Task instructions: If a record contains a picture, leave the picture out and copy everything else exactly.

Material provided:
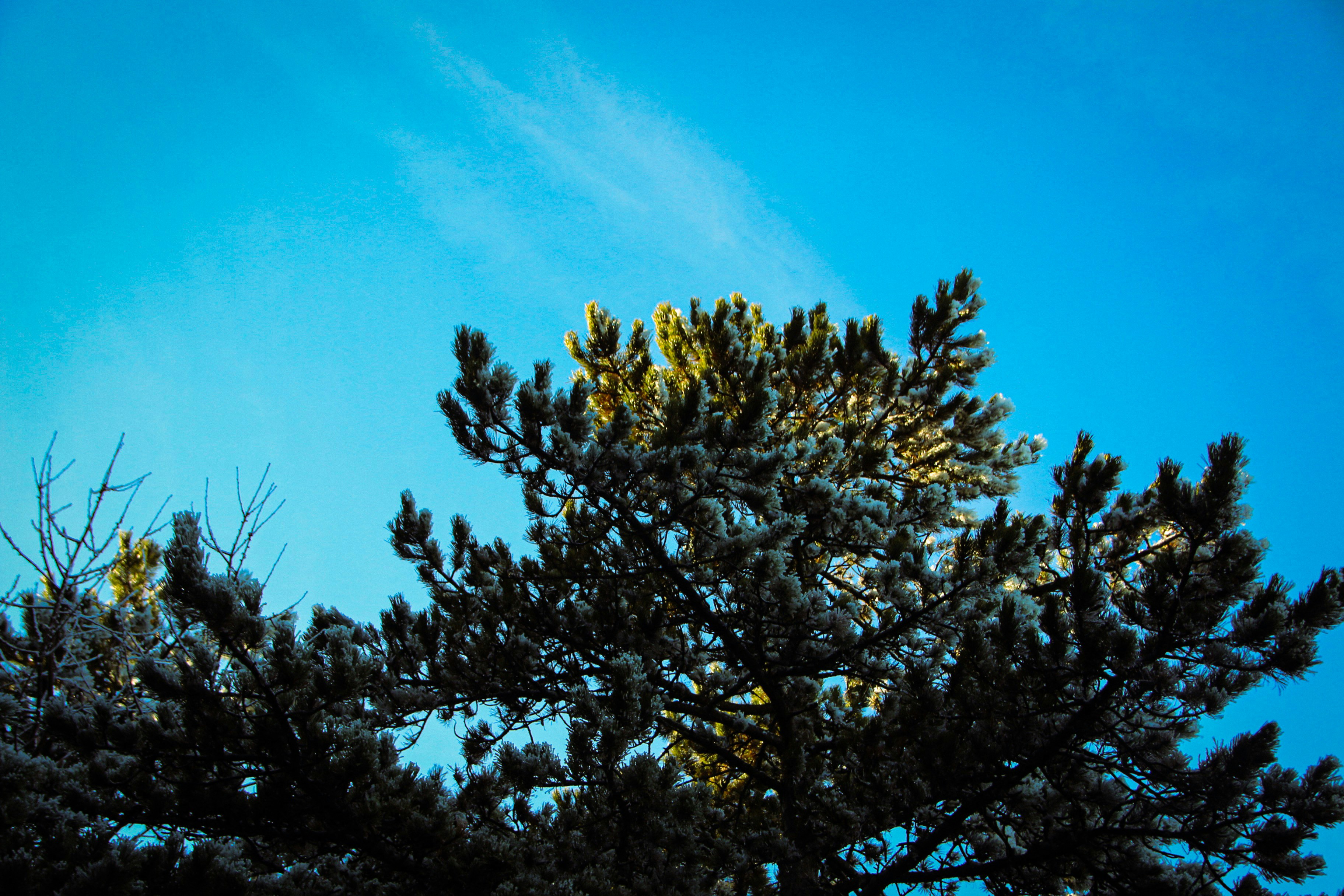 A pine tree with a blue sky in the background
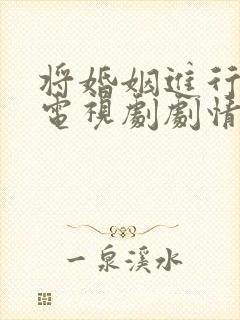 将婚姻进行到底电视剧剧情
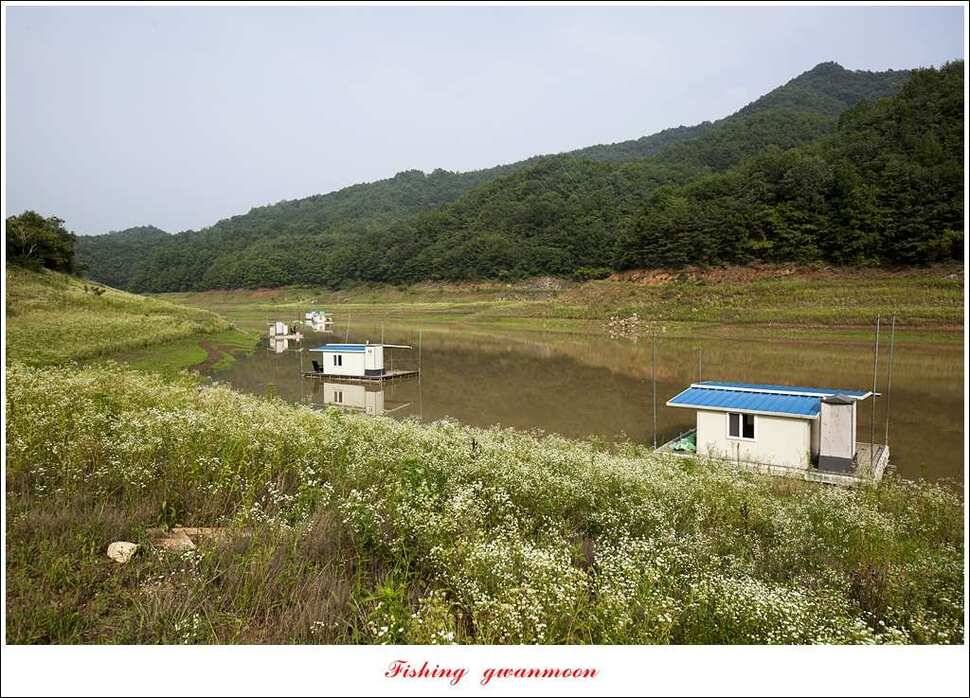 병호 사짜실리곡 사짜늘푸른 사짜 및 키로급 장어돌감 38 cm 및 마릿수 조황 (조황조행기 - 특파원조황)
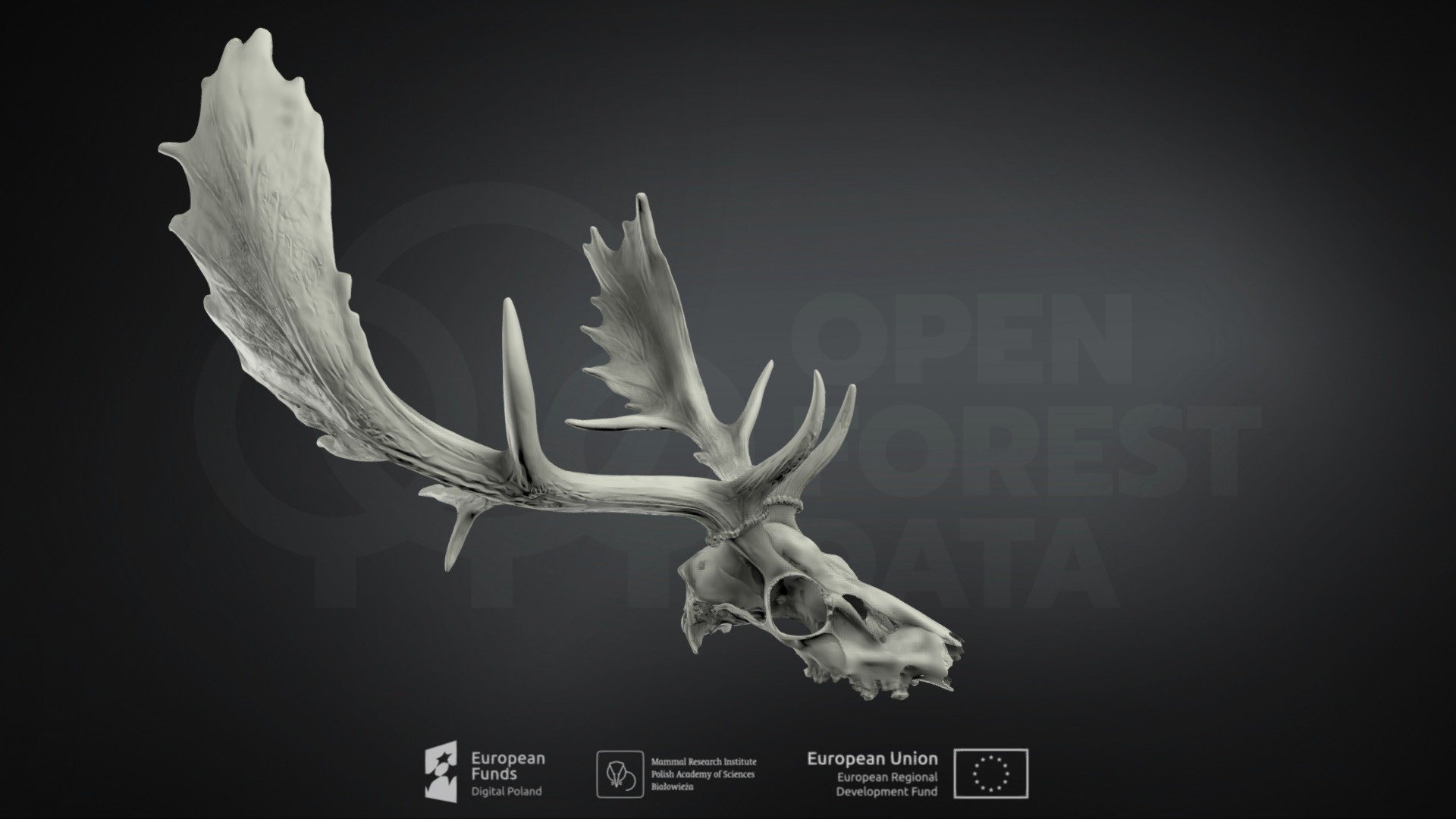 Dama dama (Fallow deer) (Daniel zwyczajny)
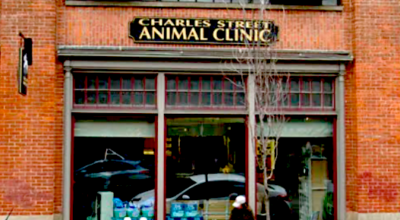 Charles Street Animal Clinic
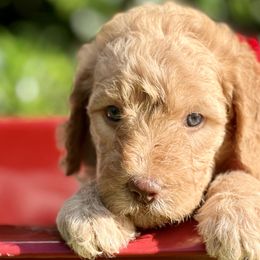 Rose - Double Doodle puppy in Bonita Springs, Florida from Doodle Den SWFL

Solution to the exercise:
 A pine tree with a blue sky in the background
 将婚姻进行到底电视剧剧情
 병호 사짜실리곡 사짜늘푸른 사짜 및 키로급 장어돌감 38 cm 및 마릿수 조황 (조황조행기 - 특파원조황)
 Dama dama (Fallow deer) (Daniel zwyczajny)
 Charles Street Animal Clinic
 Rose - Double Doodle puppy in Bonita Springs, Florida from Doodle Den SWFL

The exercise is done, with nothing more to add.